A young boy outside a damaged home near Spitak, Armenia. Image credit: Razmik Zackaryan
While it may seem counterintuitive, poor populations stand to lose more in the face of natural hazards like floods, earthquakes, and droughts relative to wealthier populations. This is because disasters rob households of not only their physical assets, but also their income levels, coping mechanisms, and ability to participate in the local economy.
A new study on regional disaster impacts in Europe and Central Asia – a region that suffers high levels of socioeconomic inequality alongside severe flood and earthquake risk – finds that while households in the poorest income group experience only $4 in asset losses every year, they suffer up to $226 in well-being losses. Households in the middle-income group, meanwhile, may lose about eight times more assets each year, but only experience well-being losses of about $61 – almost four times less than the well-being losses of the poorest income group.
This new regional study, Overlooked: Examining the Impact of Disasters and Climate Shocks on Poverty in Europe and Central Asia, looks beyond asset losses alone by quantifying the impact of disasters on the poorest income groups and understanding how disasters could exacerbate existing inequalities over the long term. This disaster risk assessment approach adds a new dimension to the conventional disaster risk assessment framework – which traditionally consists of hazard, exposure, and vulnerability – called socioeconomic resilience, or the ability of affected households to cope with and recover from disasters.

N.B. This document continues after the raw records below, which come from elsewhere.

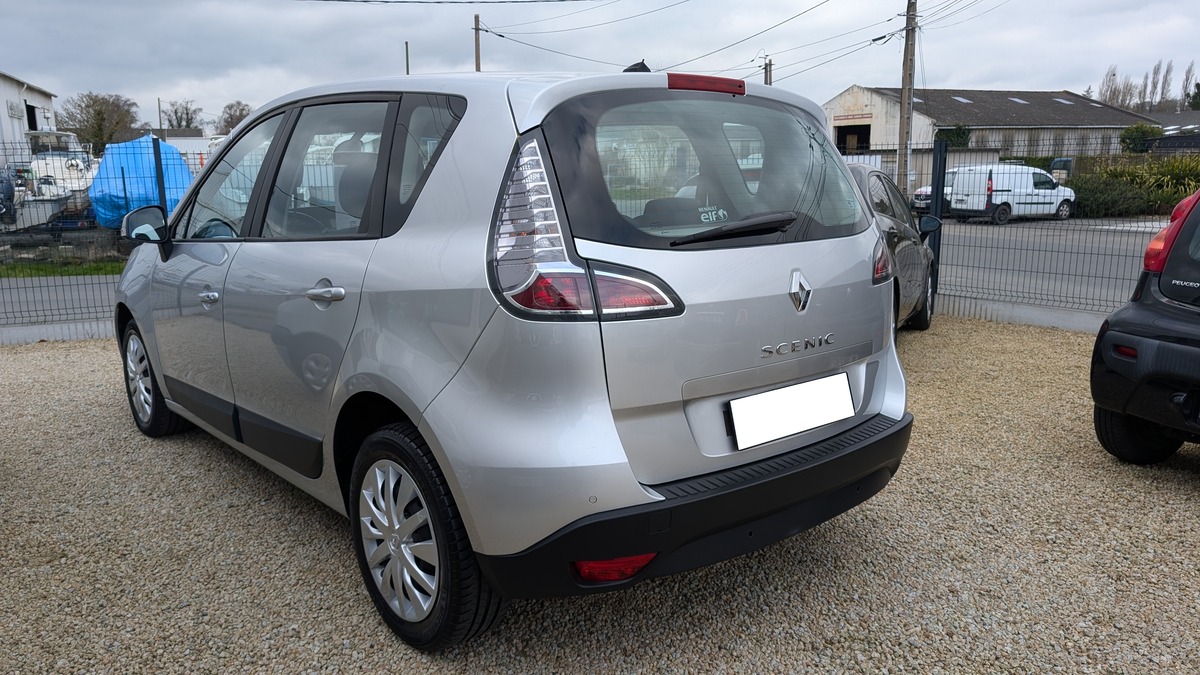 RENAULT Scenic III 1.6i 16v 110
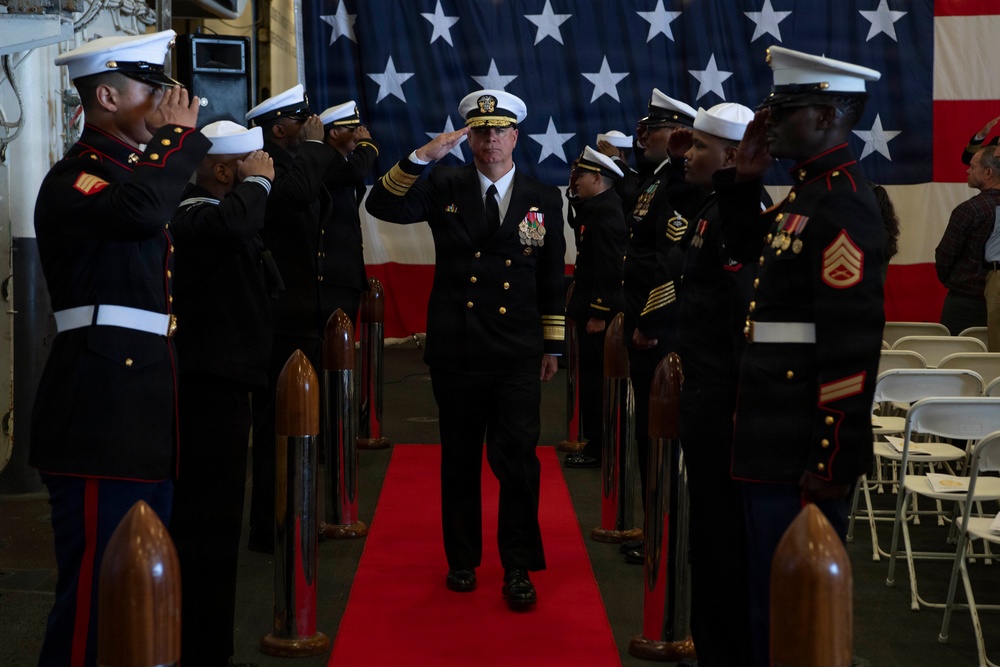 USS Boxer (LHD 4) Changes Command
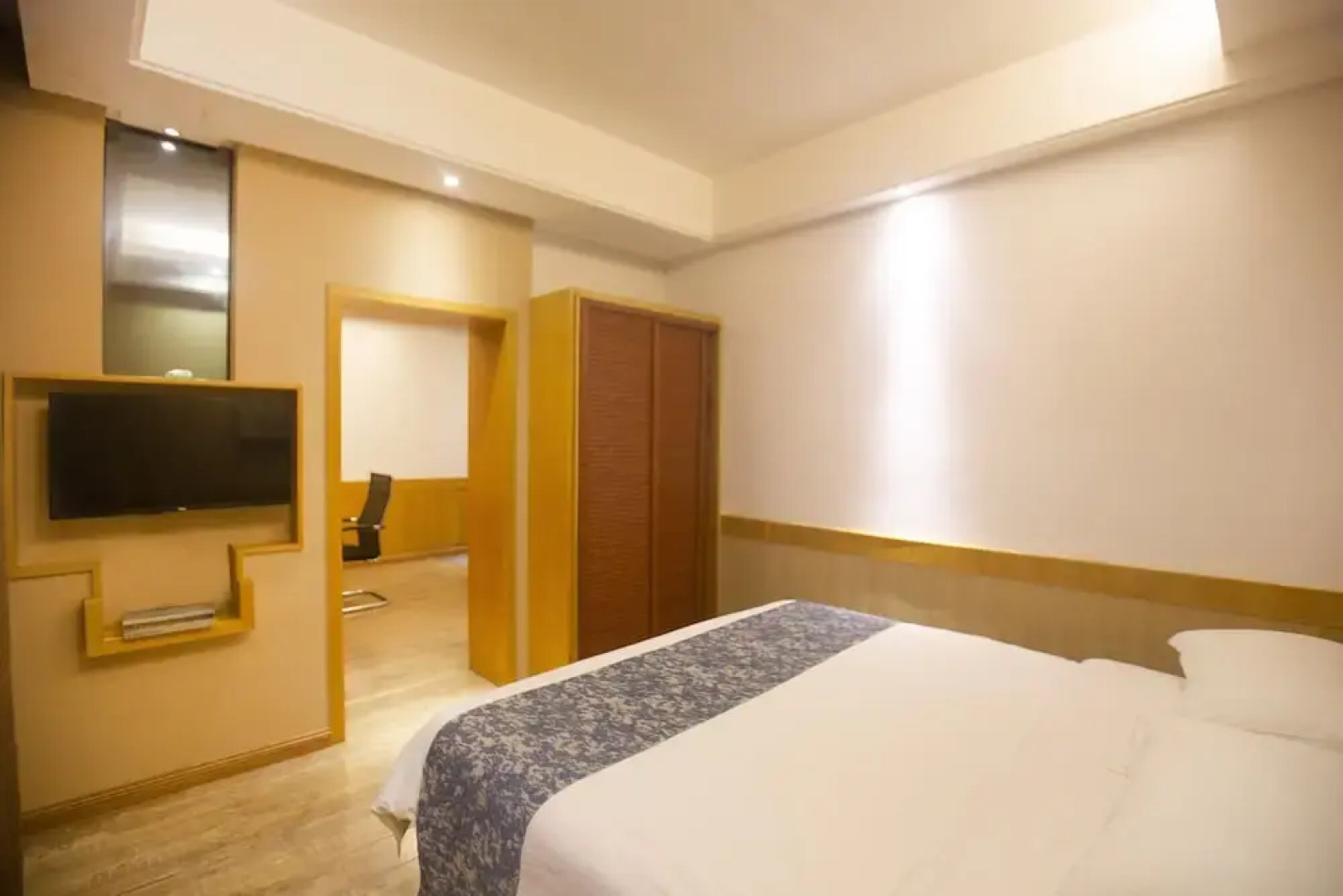 Zhangjiajie Heyday Hotel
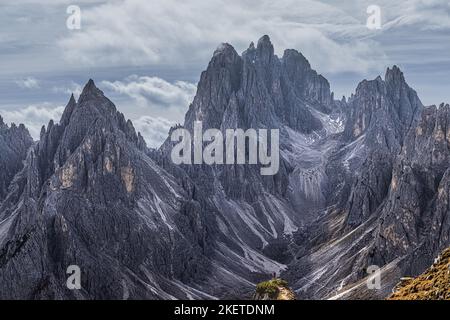 Die Gipfel der Cadini di Misurina fühlen sich an, als würden sie an diesem Ort im Naturpark der drei Zinnen fast ein Amphitheater schaffen. Vor diesen mag stehen Stockfoto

A key takeaway from the report is that the economic well-being of citizens is affected far more than what estimated costs of physical damages to buildings and public infrastructure suggest. This is because physical damages tend to affect poor people the most, who have more limited capacity than the average income group to cope with and recover from such losses. In all of the eight countries in Europe and Central Asia analyzed, the average socioeconomic resilience is below 50%, meaning that welfare impacts are twice as severe as what is suggested by direct damages.
The study also shows that the recovery and reconstruction process depends not only on the extent of physical damages induced by disasters but also on the economic structure of each country and the level of socioeconomic resilience of the affected population.
For example, while most damages from a significant earthquake in the West Marmara region (Turkey) is likely to be addressed in less than 3 years, it could take more than 10 years in the region of Kukes (Albania) to recover from the same earthquake event. The report also found that a 200-year earthquake event could potentially push 14 to 19% of local populations into poverty in the cities of Yerevan (Armenia), Tbilisi (Georgia), and Bucharest (Romania).
Fortunately, the international community is learning how to better quantify often-overlooked impacts like these. Similar to traditional risk assessments, socioeconomic resilience can be quantified using a variety of spatial resolutions, ranging from household to national averages. This type of risk assessment methodology has been applied in several countries to help disaster risk management strategies better incorporate the lived experience of vulnerable communities into strategies to recover from shocks.
Importantly, this methodology also generates empirical evidence to identify priority income groups as well as at-risk sub-national areas that are significantly vulnerable to disasters. Informed by a more socially inclusive accounting of disaster costs, a socioeconomic resilience lens can provide new justifications to invest in disaster risk reduction and guide the creation of new tools and policies like inclusive financial services, broad social protection, and targeted post-disaster support to vulnerable households.
This analysis, funded by the Global Facility for Disaster Reduction and Recovery, shows that traditional assessment of disasters – as well as the corresponding designs of disaster response and recovery programs – must consider the hidden, compounding impacts on poor populations in order to build genuine resilience for all.